24 dezembro 2023

A mágica da escrita

 Escrever é um processo mágico. Mais do que registrar pensamentos, sentimentos, experiências e aprendizados, a escrita é uma forma de construir ideias, conectar dados, formular informações, compreender o mundo, enfim, de produzir conhecimento que sem esse esforço de sistematização não se tornaria realidade, se perdendo no tempo, como ao passar do vento.

O ato da escrita dá significado à vida na medida em que materializa o viver nosso de cada dia. Isso acontece porque escrever requer da memória um trabalho extra que, em uma espécie de movimento cíclico, reforça a aprendizagem que nos propomos a registrar e, entre outras coisas, nos leva a observar aspectos daquele conteúdo que a um primeiro olhar podem ter passado despercebido, mas estão ali e ampliam o significado daquela experiência quando racionalizados.

O papel da memória é resumir as coisas. Por outro lado, falar e escrever são formas de linguagem que nos ajudam a conhecer e a dominar as especificidades daquelas coisas. E, a cada contato com o papel e a caneta e/ou com o teclado e a tela, como queira, está feito o convite para o mergulho em um mar de detalhes que não cabem em um resumo, pela própria estrutura deste. 

E se nos permitirmos avançar nesta reflexão, chega agora às ideias, enquanto escrevo, a observação de que o convite ao mergulho que a escrita nos faz é o mesmo que recebemos cotidianamente diante da leitura e do processo de aprendizagem, de forma geral.

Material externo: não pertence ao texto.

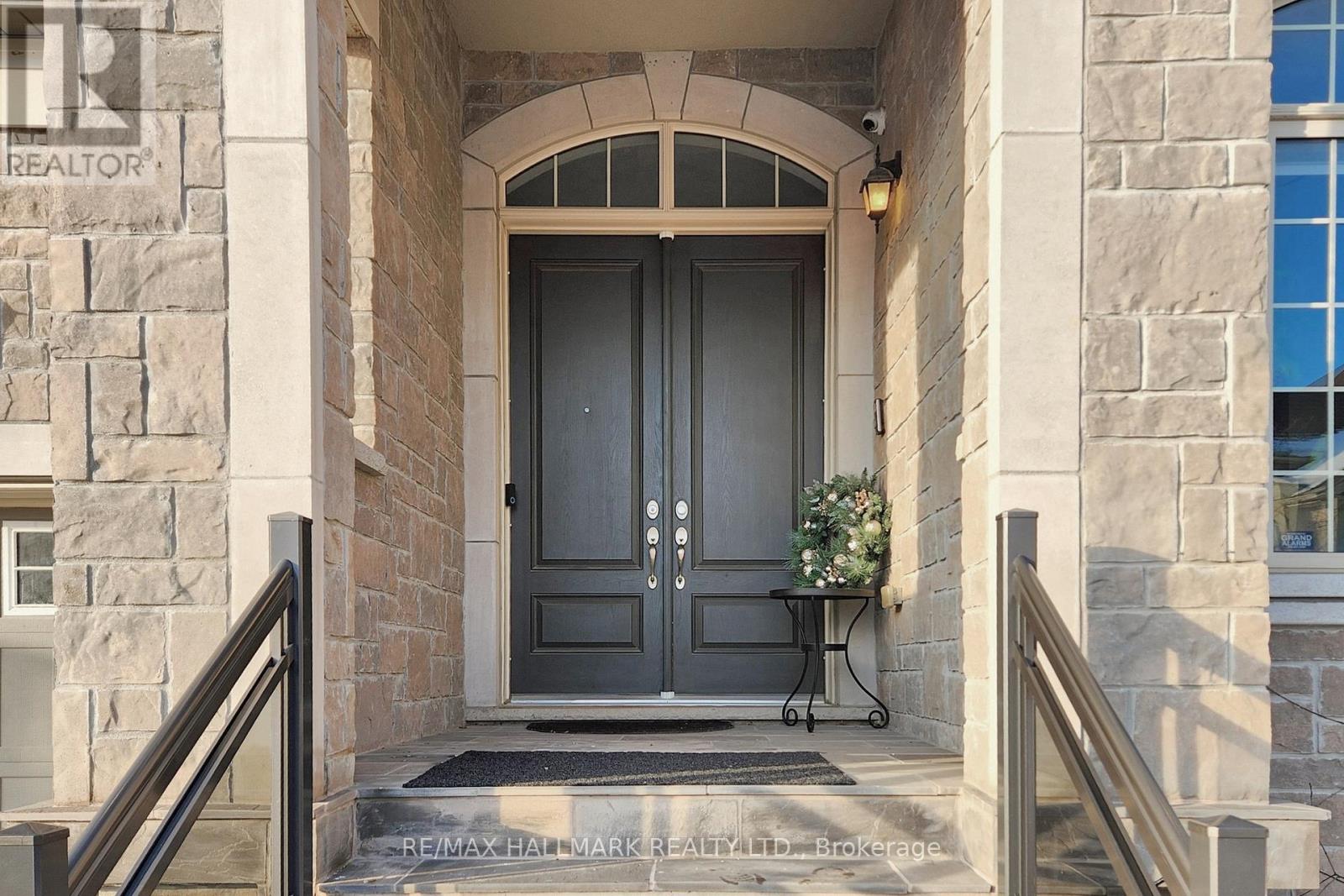 64 Chesney Crescent, Vaughan, Ontario  L4H 4A5 - Photo 2 - N12654054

Afinal, um resumo será sempre um conjunto estrito de informações sobre determinado tema que para ser de fato conhecido requer de nós a disponibilidade de trabalhar no mergulho.

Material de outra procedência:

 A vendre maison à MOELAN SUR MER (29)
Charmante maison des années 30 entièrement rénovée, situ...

Uma aula, uma resenha, uma publicação em rede social, uma manchete de jornal são exemplos de resumos elaborados por pessoas que, mesmo que queiram, não são capazes e transmitir tudo o que conhecem a respeito do assunto abordado. Além do espaço ser restrito, o conhecimento é construído individualmente.  

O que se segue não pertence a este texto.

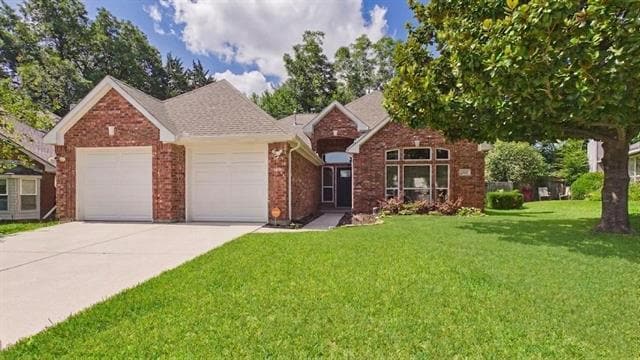 Building Photo - 1405 Meadowbrook Dr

Essas iniciativas devem ser compreendidas como mediações, ou seja, orientações para que cada um de nós, de acordo com os respectivos interesses e necessidades, mergulhe nas páginas do livro, do jornal, no tempo de duração de um filme, de uma música, da experiência sobre a qual se quer aprender.

Pode até parecer, mas não, este não é um manifesto contra os resumos. Ao contrário disso, as informações neles contidas são orientadoras dos caminhos a serem seguidos porque o resumo não morre em si mesmo. Mas a experiência que leva à construção do conhecimento é pessoal e intransferível. 

  Exemplo disso foi a orientação recebida sobre uma nova perspectiva de leitura do livro “Memórias de um sargento de milícias”, escrito por Manuel Antônio de Almeida, em meados do século XIX, relacionando o conteúdo da obra com a estrutura cultural e de poder que dominam o Rio de Janeiro contemporâneo. A orientação explica, mas não reproduz a experiência que, por sua vez, só será sentida se e quando a releitura do livro acontecer e a constatação das similaridades for confirmada ou não. Sim, pois, o elemento “percepção” é outro fator pessoal e intransferível, e, ao mesmo tempo, determinante de toda experiência. 

Aliás, o livro de Manuel de Antônio de Almeida está em domínio público e para ter acesso a ele gratuitamente, clique neste link: Domínio Público

Ao voltar para o início deste texto, é possível identificar a mágica da escrita, ao permitir esse encadear de palavras, sentidos, experiências e memórias. Por isso, vá além do resumo, escreva. A memória da sua própria existência agradece! 

O conhecimento é construído individualmente.